Migration
Migrate Kafka data between clusters, versions, or cloud providers using OSO Kafka Backup.
Migration Scenarios
| Scenario | Example |
|---|---|
| Version upgrade | Kafka 2.x → Kafka 3.x |
| Cloud migration | On-premises → AWS MSK |
| Provider switch | AWS MSK → Confluent Cloud |
| Region migration | us-east-1 → eu-west-1 |
| Environment cloning | Production → Staging |
| Cluster consolidation | Multiple clusters → One |
Why Use Backup for Migration?
vs.

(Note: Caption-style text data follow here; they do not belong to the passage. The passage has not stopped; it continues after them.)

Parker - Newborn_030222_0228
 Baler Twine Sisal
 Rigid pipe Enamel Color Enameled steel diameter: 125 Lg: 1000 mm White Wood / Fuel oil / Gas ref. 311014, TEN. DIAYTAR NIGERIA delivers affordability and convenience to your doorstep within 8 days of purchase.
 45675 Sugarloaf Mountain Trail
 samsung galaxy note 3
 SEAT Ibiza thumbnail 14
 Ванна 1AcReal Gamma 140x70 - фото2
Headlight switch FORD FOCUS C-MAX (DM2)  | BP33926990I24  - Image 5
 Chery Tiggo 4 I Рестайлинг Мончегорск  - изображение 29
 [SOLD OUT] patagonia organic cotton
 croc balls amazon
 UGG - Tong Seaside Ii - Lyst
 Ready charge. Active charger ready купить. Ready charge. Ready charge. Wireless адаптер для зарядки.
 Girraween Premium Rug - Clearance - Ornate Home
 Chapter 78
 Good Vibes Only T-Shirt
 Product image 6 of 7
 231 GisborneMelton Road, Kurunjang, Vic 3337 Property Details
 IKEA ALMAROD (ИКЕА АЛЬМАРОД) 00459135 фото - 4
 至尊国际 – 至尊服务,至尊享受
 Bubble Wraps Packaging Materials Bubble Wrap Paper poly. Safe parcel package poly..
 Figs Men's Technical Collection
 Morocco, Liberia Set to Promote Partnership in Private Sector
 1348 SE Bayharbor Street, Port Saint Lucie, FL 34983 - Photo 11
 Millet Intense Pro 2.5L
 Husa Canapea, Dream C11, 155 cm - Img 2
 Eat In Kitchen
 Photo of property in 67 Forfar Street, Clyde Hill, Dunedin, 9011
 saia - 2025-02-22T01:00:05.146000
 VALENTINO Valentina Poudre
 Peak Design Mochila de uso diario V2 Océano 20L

MirrorMaker
| Feature | MirrorMaker | Kafka Backup |
|---|---|---|
| Live sync | Yes | No |
| PITR | No | Yes |
| Data transformation | Limited | Plugin support |
| Topic remapping | Yes | Yes |
| Offset preservation | Complex | Built-in |
| Network requirement | Continuous | One-time |
Choose Kafka Backup when:
- Clusters can't communicate directly
- You need data transformation during migration
- You want to select specific time ranges
- Minimizing cross-region bandwidth is important
Migration Process
Step 1: Assess Source Cluster
# List topics
kafka-topics --bootstrap-server source-kafka:9092 --list
# Get topic details
kafka-topics --bootstrap-server source-kafka:9092 --describe
# Check data volume
kafka-log-dirs --bootstrap-server source-kafka:9092 --describe
Step 2: Plan Migration
Consider:
- Total data volume
- Number of topics and partitions
- Consumer groups to migrate
- Acceptable downtime
- Topic naming changes
Step 3: Backup Source Cluster
migration-backup.yaml
mode: backup
backup_id: "migration-$(date +%Y%m%d)"
source:
bootstrap_servers:
- source-kafka-1:9092
- source-kafka-2:9092
topics:
include:
- "*"
exclude:
- "__consumer_offsets"
- "_schemas"
storage:
backend: s3
bucket: kafka-migration
region: us-west-2
prefix: migration/source-cluster
backup:
compression: zstd
include_offset_headers: true
source_cluster_id: "source-cluster"
kafka-backup backup --config migration-backup.yaml
Step 4: Validate Backup
# List backup
kafka-backup list --path s3://kafka-migration/migration/source-cluster
# Describe backup
kafka-backup describe \
--path s3://kafka-migration/migration/source-cluster \
--backup-id "migration-20241203"
# Deep validation
kafka-backup validate \
--path s3://kafka-migration/migration/source-cluster \
--backup-id "migration-20241203" \
--deep
Step 5: Restore to Target Cluster
migration-restore.yaml
mode: restore
backup_id: "migration-20241203"
target:
bootstrap_servers:
- target-kafka-1:9092
- target-kafka-2:9092
security:
security_protocol: SASL_SSL
sasl_mechanism: SCRAM-SHA-256
sasl_username: admin
sasl_password: ${KAFKA_PASSWORD}
storage:
backend: s3
bucket: kafka-migration
region: us-west-2
prefix: migration/source-cluster
restore:
# Optional: Remap topic names
topic_mapping:
old-topic-name: new-topic-name
# Optional: Change partition count
# (must be >= source partitions)
include_original_offset_header: true
consumer_group_strategy: skip
# Validate first
kafka-backup validate-restore --config migration-restore.yaml
# Execute restore
kafka-backup restore --config migration-restore.yaml
Step 6: Migrate Consumer Offsets
# Option 1: Reset to beginning (reprocess all)
kafka-consumer-groups \
--bootstrap-server target-kafka:9092 \
--group my-consumer \
--reset-offsets \
--to-earliest \
--all-topics \
--execute
# Option 2: Use offset mapping from backup
kafka-backup offset-reset execute \
--path s3://kafka-migration/migration/source-cluster \
--backup-id "migration-20241203" \
--groups my-consumer \
--bootstrap-servers target-kafka:9092
# Option 3: Three-phase restore (automated)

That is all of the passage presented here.